INFORMATION GIVEN START
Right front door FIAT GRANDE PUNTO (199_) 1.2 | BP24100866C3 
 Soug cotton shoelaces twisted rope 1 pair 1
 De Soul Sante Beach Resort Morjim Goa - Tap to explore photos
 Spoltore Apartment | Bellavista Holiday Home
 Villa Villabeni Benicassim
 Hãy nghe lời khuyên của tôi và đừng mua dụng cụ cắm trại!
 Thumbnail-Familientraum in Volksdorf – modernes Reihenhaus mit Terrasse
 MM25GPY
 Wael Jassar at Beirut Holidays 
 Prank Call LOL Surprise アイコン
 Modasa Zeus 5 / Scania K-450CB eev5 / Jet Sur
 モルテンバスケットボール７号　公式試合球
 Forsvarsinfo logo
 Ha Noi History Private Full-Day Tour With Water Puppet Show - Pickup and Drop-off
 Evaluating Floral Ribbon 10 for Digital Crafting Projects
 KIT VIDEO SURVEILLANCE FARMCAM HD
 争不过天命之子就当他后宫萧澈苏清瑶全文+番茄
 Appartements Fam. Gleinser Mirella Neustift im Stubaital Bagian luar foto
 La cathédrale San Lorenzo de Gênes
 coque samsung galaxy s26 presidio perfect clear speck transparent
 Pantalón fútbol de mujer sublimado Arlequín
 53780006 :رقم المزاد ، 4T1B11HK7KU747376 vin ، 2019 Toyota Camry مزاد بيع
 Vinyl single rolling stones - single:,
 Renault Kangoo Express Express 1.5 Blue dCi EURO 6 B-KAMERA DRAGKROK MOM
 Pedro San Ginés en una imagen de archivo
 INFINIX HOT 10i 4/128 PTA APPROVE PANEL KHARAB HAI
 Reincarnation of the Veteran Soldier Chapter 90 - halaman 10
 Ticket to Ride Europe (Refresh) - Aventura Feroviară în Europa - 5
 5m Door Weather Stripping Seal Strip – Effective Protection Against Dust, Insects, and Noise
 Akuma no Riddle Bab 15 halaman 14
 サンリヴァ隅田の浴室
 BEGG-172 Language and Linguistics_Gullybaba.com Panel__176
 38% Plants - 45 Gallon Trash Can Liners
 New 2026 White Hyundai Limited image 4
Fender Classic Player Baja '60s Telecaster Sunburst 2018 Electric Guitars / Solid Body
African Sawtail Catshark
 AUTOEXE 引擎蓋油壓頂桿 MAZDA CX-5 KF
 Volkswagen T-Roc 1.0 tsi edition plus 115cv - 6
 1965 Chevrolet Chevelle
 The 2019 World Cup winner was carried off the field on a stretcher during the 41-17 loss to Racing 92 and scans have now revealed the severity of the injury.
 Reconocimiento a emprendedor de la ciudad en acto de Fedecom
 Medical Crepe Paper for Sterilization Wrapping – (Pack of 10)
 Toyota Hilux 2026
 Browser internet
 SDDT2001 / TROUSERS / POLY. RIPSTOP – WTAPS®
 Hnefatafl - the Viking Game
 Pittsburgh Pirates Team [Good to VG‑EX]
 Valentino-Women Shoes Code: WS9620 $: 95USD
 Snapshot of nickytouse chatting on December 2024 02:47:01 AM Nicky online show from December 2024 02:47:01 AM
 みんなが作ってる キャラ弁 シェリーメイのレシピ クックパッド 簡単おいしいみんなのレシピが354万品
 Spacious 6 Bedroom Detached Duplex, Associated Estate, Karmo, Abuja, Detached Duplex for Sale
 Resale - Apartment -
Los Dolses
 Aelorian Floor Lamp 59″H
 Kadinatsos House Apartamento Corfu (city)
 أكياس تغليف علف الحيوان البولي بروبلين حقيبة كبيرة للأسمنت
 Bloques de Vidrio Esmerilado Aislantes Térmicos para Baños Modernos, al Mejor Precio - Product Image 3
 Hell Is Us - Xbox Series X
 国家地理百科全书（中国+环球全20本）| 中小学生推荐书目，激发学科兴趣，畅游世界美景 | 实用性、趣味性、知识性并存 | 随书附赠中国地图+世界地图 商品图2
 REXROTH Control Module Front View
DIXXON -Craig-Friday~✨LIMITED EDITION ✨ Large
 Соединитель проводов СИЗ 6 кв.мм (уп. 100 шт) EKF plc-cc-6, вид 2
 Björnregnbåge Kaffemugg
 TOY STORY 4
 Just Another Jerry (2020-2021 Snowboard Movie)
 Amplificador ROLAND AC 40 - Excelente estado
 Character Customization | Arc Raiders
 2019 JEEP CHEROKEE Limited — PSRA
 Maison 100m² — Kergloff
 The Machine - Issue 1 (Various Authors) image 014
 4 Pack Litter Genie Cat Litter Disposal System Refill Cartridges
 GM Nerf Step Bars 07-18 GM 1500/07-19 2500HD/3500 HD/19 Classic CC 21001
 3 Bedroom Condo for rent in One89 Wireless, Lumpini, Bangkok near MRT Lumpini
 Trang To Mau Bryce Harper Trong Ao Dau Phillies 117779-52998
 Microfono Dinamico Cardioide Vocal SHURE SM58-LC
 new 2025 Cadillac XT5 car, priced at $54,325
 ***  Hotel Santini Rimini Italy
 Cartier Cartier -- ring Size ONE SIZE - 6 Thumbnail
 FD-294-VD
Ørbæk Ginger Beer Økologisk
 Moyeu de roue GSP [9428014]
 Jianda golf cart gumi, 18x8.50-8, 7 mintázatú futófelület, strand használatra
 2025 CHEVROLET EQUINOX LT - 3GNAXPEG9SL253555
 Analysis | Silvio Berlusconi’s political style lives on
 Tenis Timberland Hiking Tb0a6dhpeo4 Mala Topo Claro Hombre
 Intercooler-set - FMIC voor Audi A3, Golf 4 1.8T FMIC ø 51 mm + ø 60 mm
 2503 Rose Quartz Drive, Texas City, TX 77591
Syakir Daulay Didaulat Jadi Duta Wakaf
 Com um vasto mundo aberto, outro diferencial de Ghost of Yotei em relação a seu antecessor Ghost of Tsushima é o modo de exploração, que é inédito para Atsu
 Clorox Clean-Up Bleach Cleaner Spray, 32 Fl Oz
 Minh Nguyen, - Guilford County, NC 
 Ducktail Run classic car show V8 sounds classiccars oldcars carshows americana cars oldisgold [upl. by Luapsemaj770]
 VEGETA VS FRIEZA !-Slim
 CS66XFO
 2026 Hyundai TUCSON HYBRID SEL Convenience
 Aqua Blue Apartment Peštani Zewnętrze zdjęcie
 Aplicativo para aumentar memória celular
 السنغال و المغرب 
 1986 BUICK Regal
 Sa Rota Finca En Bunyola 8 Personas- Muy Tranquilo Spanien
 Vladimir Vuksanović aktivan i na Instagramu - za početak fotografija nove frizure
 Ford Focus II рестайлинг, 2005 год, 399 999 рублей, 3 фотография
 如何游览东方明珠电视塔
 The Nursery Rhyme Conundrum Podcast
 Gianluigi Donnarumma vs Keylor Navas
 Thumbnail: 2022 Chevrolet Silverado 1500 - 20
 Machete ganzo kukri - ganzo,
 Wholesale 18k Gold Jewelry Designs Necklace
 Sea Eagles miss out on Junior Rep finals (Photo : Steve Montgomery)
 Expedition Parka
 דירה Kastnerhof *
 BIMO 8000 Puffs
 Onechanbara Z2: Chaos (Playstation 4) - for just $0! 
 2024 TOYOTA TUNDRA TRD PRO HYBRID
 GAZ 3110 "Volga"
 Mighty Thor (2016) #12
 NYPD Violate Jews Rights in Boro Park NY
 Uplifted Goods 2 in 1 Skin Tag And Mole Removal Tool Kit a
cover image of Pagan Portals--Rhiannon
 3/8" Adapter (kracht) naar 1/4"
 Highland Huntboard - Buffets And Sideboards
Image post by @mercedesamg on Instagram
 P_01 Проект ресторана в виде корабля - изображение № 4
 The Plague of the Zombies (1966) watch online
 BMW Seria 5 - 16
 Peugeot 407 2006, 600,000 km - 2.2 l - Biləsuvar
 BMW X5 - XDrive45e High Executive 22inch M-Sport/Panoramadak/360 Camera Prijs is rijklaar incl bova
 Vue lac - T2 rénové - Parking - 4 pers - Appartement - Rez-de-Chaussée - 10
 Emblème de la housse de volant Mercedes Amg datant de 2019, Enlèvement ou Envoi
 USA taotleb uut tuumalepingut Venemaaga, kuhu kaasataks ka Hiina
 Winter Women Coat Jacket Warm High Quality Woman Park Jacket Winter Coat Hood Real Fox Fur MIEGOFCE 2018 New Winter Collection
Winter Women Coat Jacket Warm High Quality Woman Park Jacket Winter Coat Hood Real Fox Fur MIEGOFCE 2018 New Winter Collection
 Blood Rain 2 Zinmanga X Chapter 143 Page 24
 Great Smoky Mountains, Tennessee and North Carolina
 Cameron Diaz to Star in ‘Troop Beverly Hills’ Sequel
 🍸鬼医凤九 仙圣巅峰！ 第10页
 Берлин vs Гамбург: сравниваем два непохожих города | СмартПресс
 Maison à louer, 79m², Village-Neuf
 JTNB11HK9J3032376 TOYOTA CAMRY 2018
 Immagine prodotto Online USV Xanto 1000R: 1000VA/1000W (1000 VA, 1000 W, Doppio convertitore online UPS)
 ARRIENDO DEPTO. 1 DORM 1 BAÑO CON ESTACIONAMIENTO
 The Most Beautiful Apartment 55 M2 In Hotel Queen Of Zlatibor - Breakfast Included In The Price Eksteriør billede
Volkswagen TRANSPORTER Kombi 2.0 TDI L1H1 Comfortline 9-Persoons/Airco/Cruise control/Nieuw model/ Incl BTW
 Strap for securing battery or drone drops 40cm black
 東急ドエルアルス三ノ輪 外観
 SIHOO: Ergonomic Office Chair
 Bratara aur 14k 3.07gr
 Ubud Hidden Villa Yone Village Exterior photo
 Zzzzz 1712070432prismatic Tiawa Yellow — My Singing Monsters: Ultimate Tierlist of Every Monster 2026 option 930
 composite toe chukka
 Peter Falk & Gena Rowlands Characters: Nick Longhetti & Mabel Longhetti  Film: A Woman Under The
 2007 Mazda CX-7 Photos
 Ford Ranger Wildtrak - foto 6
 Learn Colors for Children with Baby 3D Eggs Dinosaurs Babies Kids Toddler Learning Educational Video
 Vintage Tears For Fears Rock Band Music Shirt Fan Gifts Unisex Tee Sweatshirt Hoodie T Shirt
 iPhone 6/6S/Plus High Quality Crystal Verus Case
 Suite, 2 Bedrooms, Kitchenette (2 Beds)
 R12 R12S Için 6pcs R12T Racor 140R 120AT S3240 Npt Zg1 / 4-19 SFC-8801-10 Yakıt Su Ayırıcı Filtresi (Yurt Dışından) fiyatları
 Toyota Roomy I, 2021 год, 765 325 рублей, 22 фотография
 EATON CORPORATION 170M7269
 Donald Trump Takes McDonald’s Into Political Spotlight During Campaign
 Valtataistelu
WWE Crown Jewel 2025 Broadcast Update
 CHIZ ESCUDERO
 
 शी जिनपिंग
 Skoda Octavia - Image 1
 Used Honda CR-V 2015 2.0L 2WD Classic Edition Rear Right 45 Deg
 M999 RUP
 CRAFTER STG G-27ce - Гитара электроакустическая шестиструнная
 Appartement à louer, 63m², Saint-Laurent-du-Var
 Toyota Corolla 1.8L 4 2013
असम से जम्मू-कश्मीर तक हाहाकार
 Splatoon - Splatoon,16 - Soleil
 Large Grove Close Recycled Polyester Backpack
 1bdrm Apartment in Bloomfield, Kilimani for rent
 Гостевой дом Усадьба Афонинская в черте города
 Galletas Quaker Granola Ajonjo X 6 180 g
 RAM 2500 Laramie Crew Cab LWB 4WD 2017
INFORMATION GIVEN END
YOUR GOAL
Please give the count of lines in the listing that include the string "Large", with no words around it.

ANSWER TO THE EXERCISE
2